Personal information
- Name: Saul Leonardo Mena II
- Born: 28 August 1999 (age 26) Santo Domingo, Dominican Republic
- Nationality: Dominican Republic

Career information
- Playing career: 2015–present

Team history
- 2016–2017: REFORCE eSports
- 2017: Magitek Esports
- 2017–2019: Rise Nation
- 2019–2024: Bandits Gaming
- 2024–2025: Team Falcons
- 2024–present: Red Bull eSports
- 2025–present: Weibo Gaming

Career highlights and awards
- 4× EVO champion (2024 Japan, 2025 x2, 2026); 2× Capcom Cup champion (2017, 2023);
- Medal record
Esports
Representing Dominican Republic
Central American and Caribbean Games
| Gold medal – first place | 2026 Santo Domingo | Street Fighter 6 |

= MenaRD =

Dominican professional esports player (born 1999)

Saul Leonardo Mena II (born 28 August 1999), better known as MenaRD, is a Dominican professional fighting game player residing in the United States. MenaRD mainly specializes in Street Fighter and has also competed in Injustice 2 and Guilty Gear Strive.

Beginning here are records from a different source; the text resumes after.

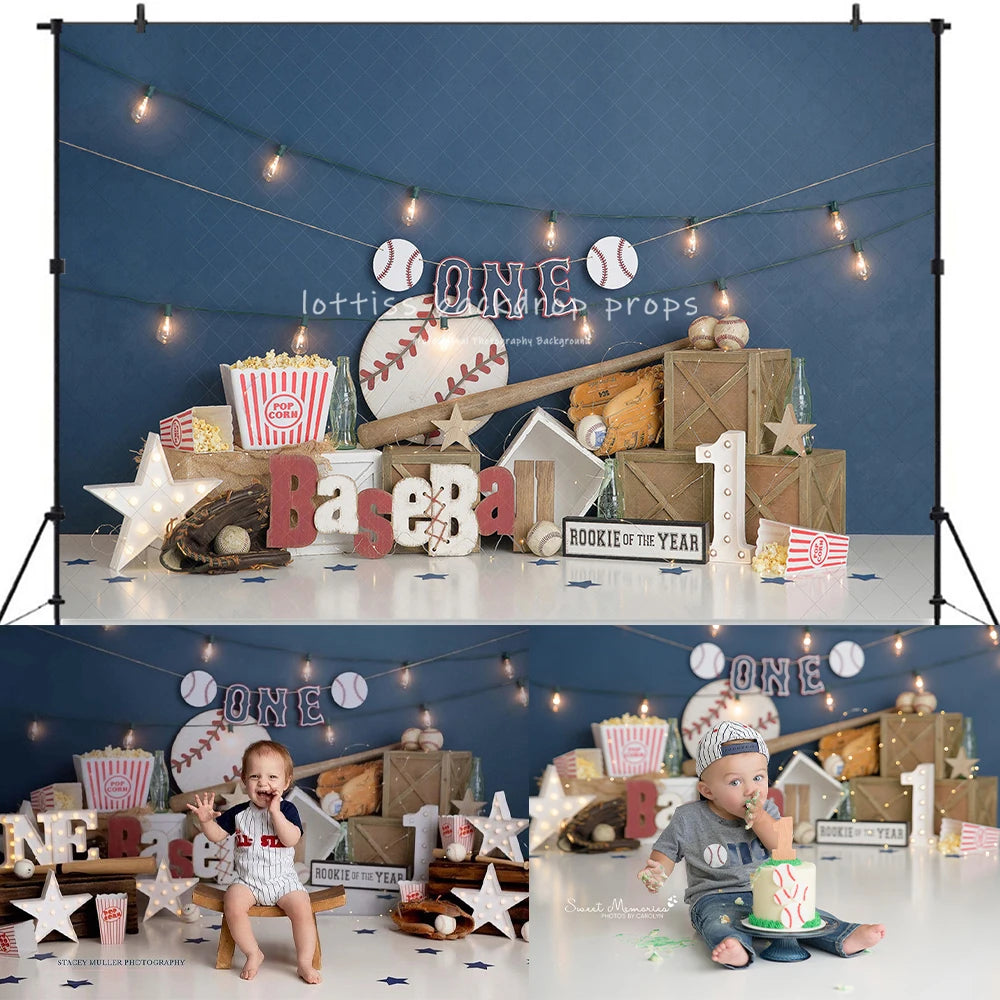 Baseball Backdrops Kids Boy Photography Props Child Birthday Cake Smash Adult Photocall Decors Sports Theme Backgrounds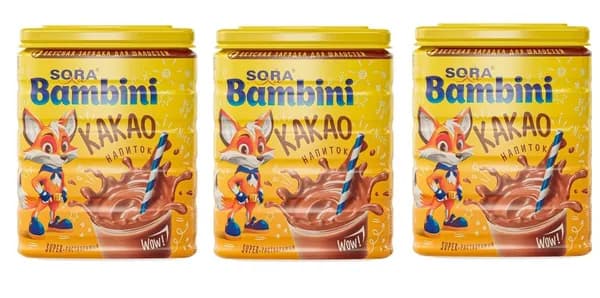 La SORA Какао-напиток порошок, Bambini , 350г, 3шт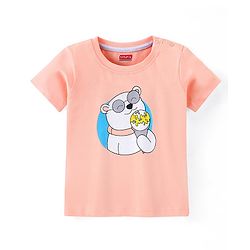 Babyhug Cotton Half Sleeves T-Shirt Polar Bear Print- Peach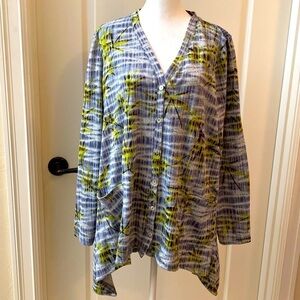 LOGO Lori Goldstein Cardigan Tunic Womens L Tie dye leaf Lagenlook Loungewear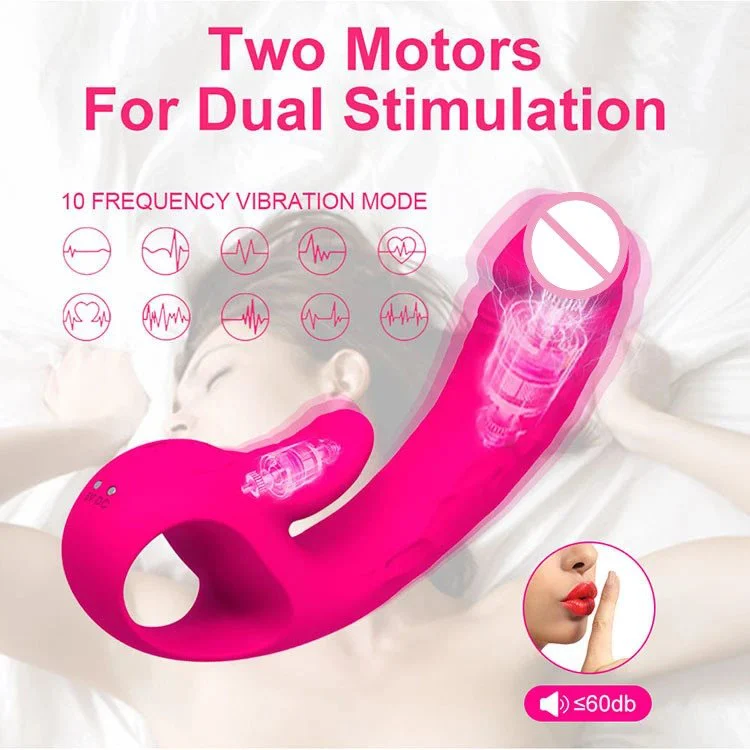 Clitoris Sucking Simulator 2 in 1 Dildo Vibrator Tongue Licking Vibrator for Female Masturbation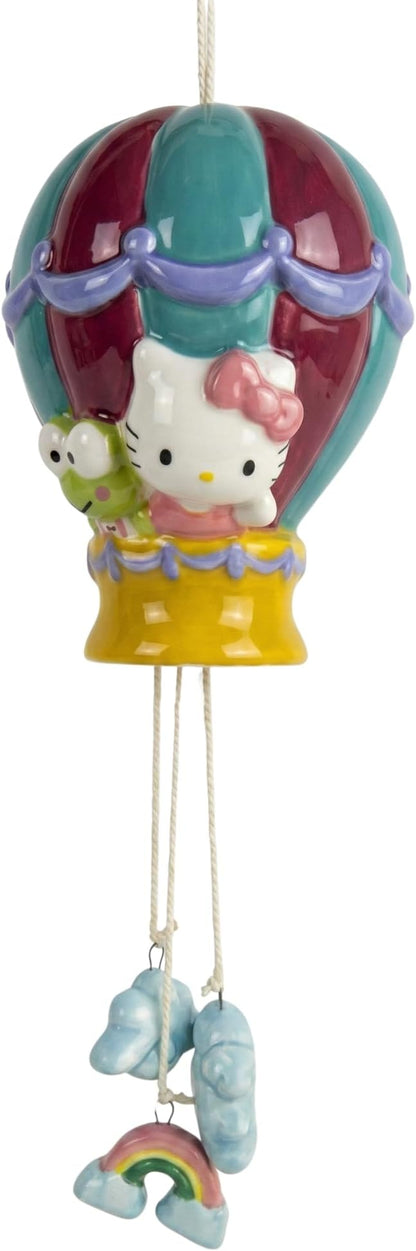 Hello Kitty and Keroppi Hot Air Balloon Wind Chime, 4" L x 4.25" W x 10" H Created by Blue Sky Clayworks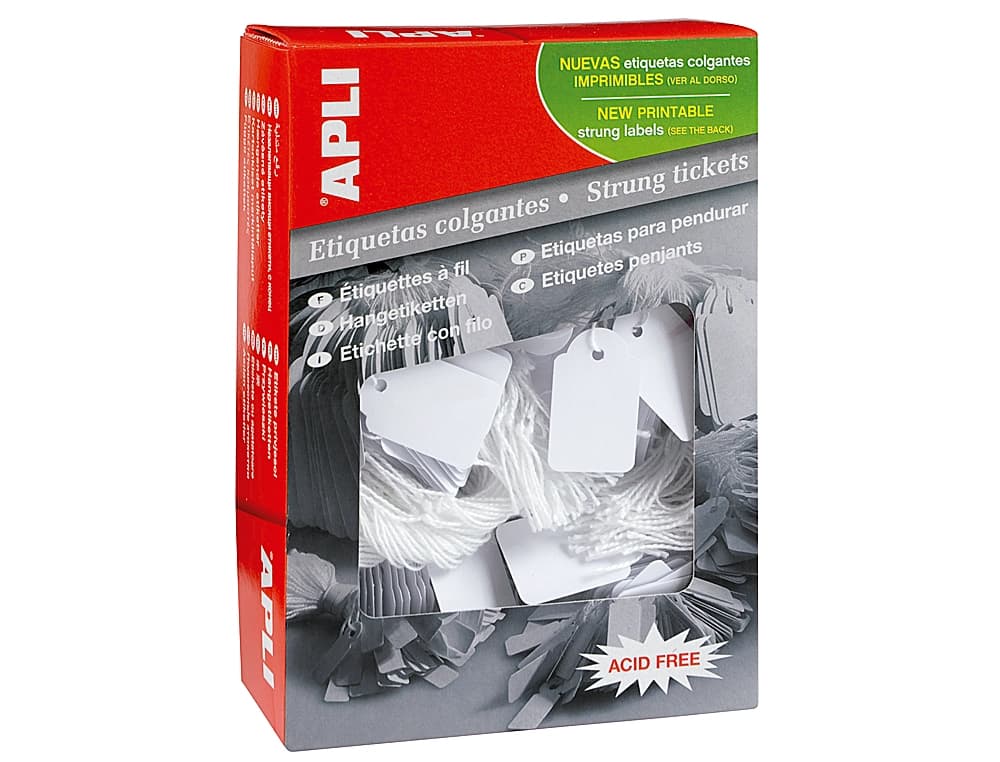 Etiquetas colgantes apli 384 9x24 mm caja de 1000 unidades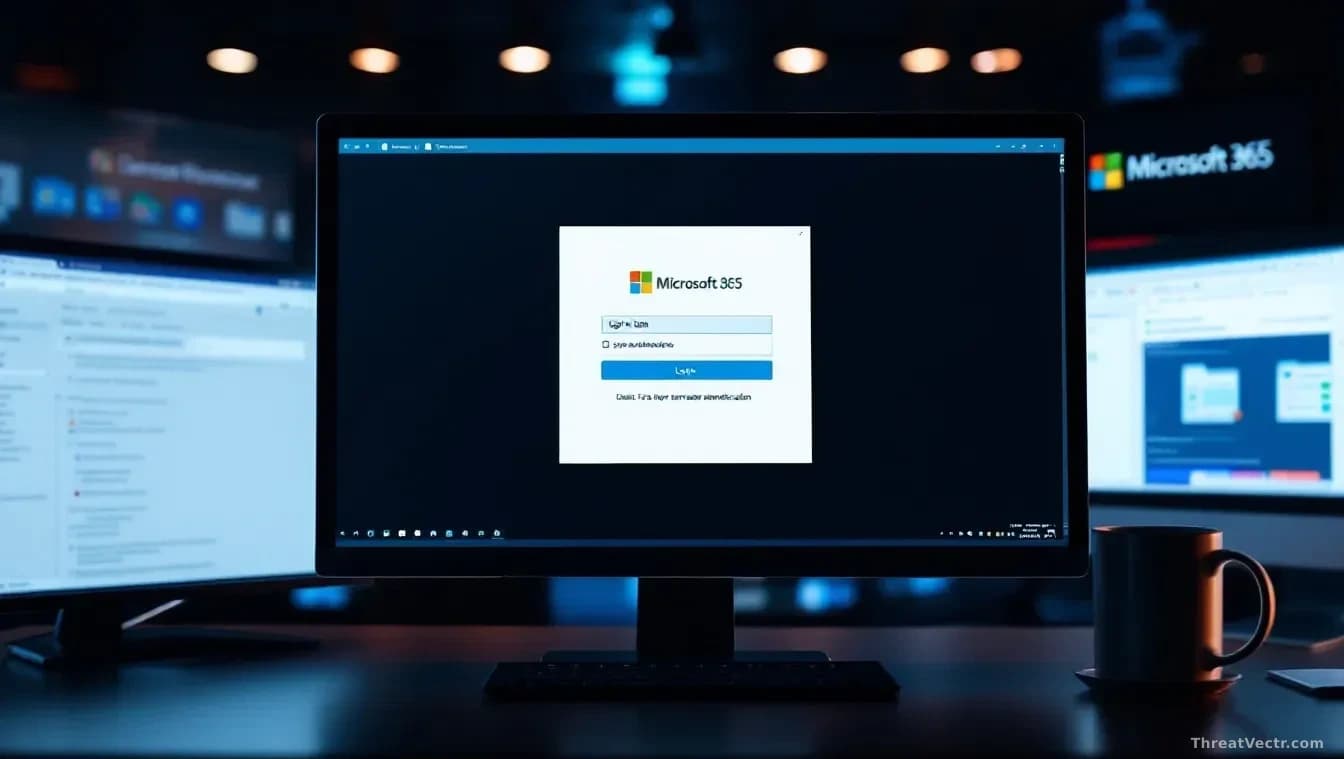 A Microsoft 365 login interface on a computer screen with a two-factor authentication prompt, surrounded by other office windows and applications, representing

He won the EVO championship four times, the Red Bull Kumite 2024 and the Capcom Cup in 2017 and 2023. He also represented the Dominican Republic national team at the 2026 Central American and Caribbean Games, earning a gold medal.

==Professional career==
===2017===
MenaRD began to gain prominence during the Capcom Pro Tour 2017. He won his first 2017 CPT event at Game Over Tournament 2017. He also competed in the Latin American region finals and the SoCal Regionals 2017, finishing in fourth place in the latter.

MenaRD was able to qualify for the Capcom Cup despite the high cost and difficulty of traveling to the United States during the Capcom Pro Tour, coupled with the destruction caused by Hurricane Maria. Sponsored by The Rise Nation, he was ranked 25th when the tournament began. MenaRD's first round was against Ibuki-player Ho Kun Xian.

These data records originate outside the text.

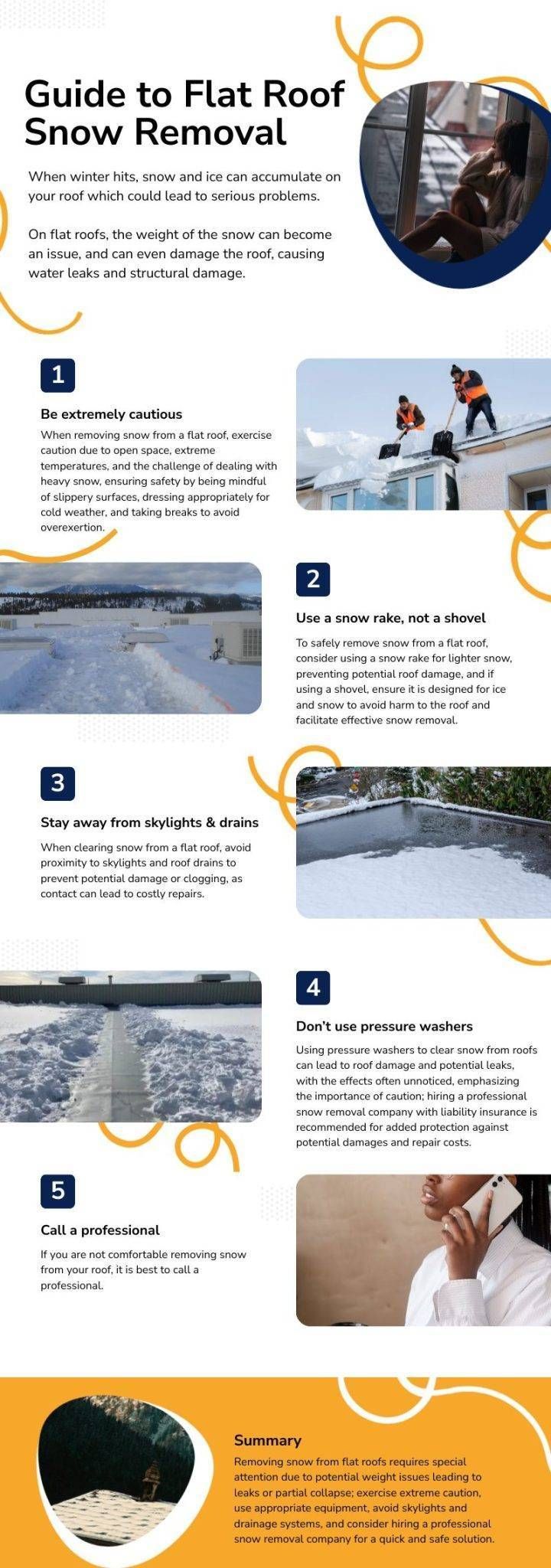 Guide to flat roof snow removal: steps to remove snow, photos of roof work, a phone call.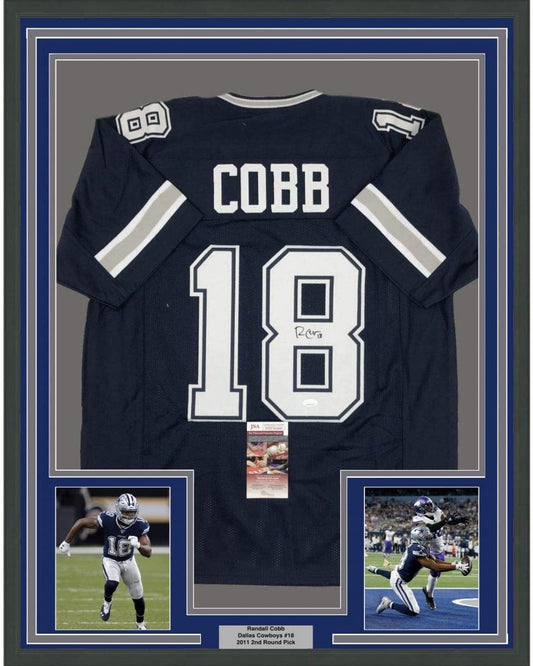 Framed Autographed/Signed Randall Cobb 35x39 Dallas Dark Blue Football Jersey JSA COA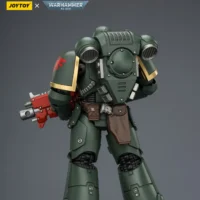the back of the Action Figure - JOYTOY Dark Angels Intercessor with Bolt Rifle, Bolt Pistol and Chainsword 1 18 - Warhammer 40K rectangle image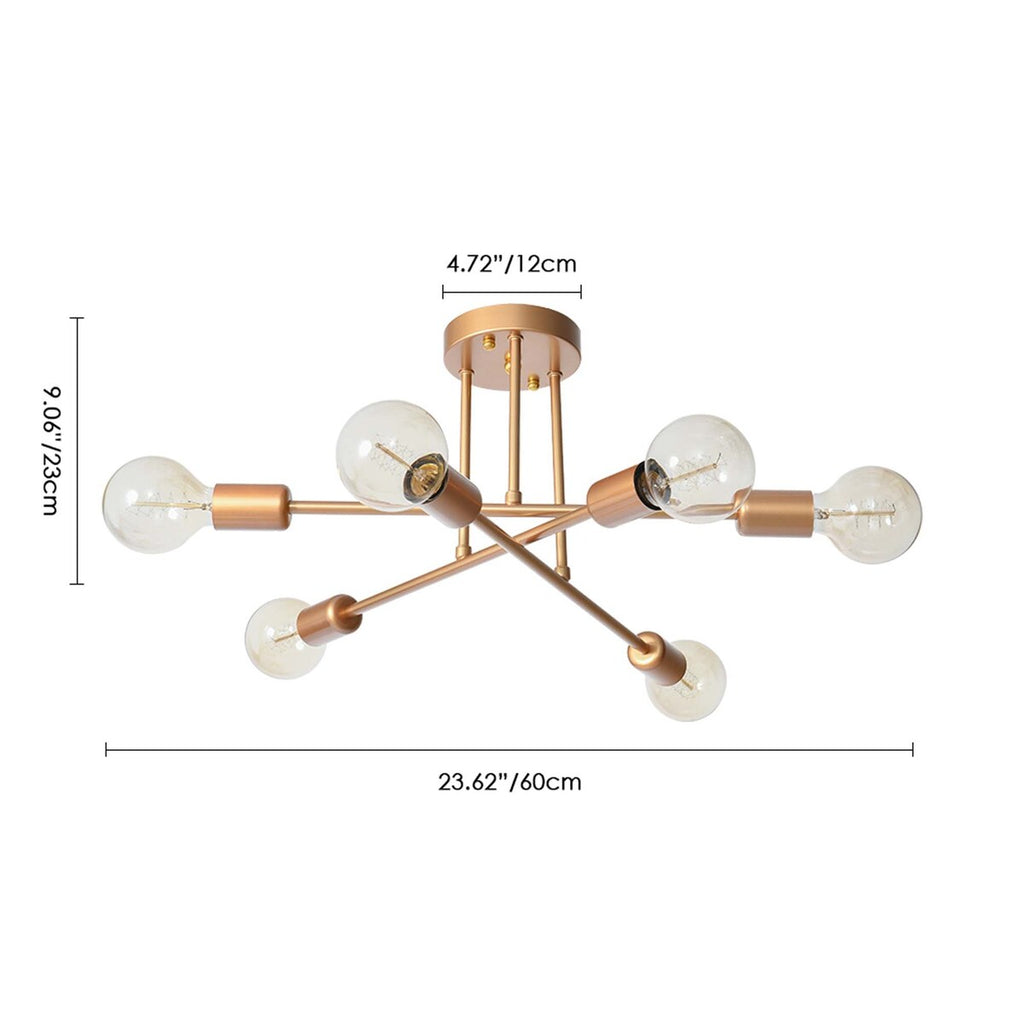 6 - Light Modern Metal 23.62'' Sputnik Semi-Flush Mount Ceiling Light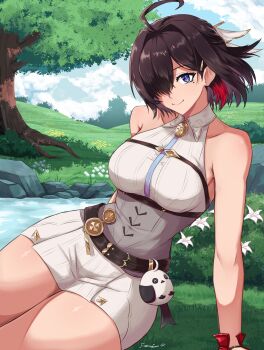 1girl ahoge atelier_(series) atelier_yumia bare_shoulders blue_eyes breasts brown_hair bush commentary corset dress english_commentary fgsketch flammi_(atelier) gloves grass grasslands hair_over_one_eye highres lake large_breasts looking_at_viewer medium_hair mole nature on_grass pond red_gloves red_streaks single_glove sitting solo tree white_dress yumia_liessfeldt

Playing with the character Birdie, MenaRD managed to remain on the winner's side for the majority of his run through the tournament, defeating high-level players such as Xian, Kazunoko, Umehara in the quarter-finals, and Itabashi Zangief in the semi-finals. MenaRD was knocked out of the winner's side in the next round by Tokido, who was playing with the character Akuma. After winning the loser's final against Nemo, MenaRD faced Tokido once again and managed to reset the bracket with a 3-2 match. Tokido controlled the fighting space using Akuma's ranged fireball attacks and tried to keep MenaRD at a distance in order to frustrate him. However, using unique quirks of Birdie that are difficult to anticipate, MenaRD could unpredictably close the distance, consistently leaping forward to execute a special attack. MenaRD won the last match of the Grand Finals 3–1.

===2023===
In February 2023, MenaRD won Capcom Cup IX, becoming the first gamer to win the Capcom Cup twice. In August, he competed in Evo 2023, where he lost to the Street Fighter 6 tournament to Angrybird.

===2024===
In March 2024, MenaRD won the Red Bull Kumite. The following month, he won the SF6 tournament at Evo Japan 2024. He also competed in Evo 2024 and the 2024 Esports World Cup, where he was eliminated in the first phase in the latter. On 24 August 2024, he won Cream City Convergence 2024.

===2025===
In May 2025, MenaRD won the SF6 tournament in Evo Japan 2025. Three months later, he competed at Evo 2025, where he defeated Kakeru in the final. Additionally, he was nominated for the Best Esports Athlete at The Games Awards 2025, but did not win.

===2026===
At Evo 2026, MenaRD won the Street Fighter 6 tournament, becoming the first player to win back-to-back Street Fighter 6 championships at Evo.

==National team career==
In August 2026, MenaRD competed for his country at the Street Fighter 6 tournament of the 2026 Central American and Caribbean Games, where he won the gold medal.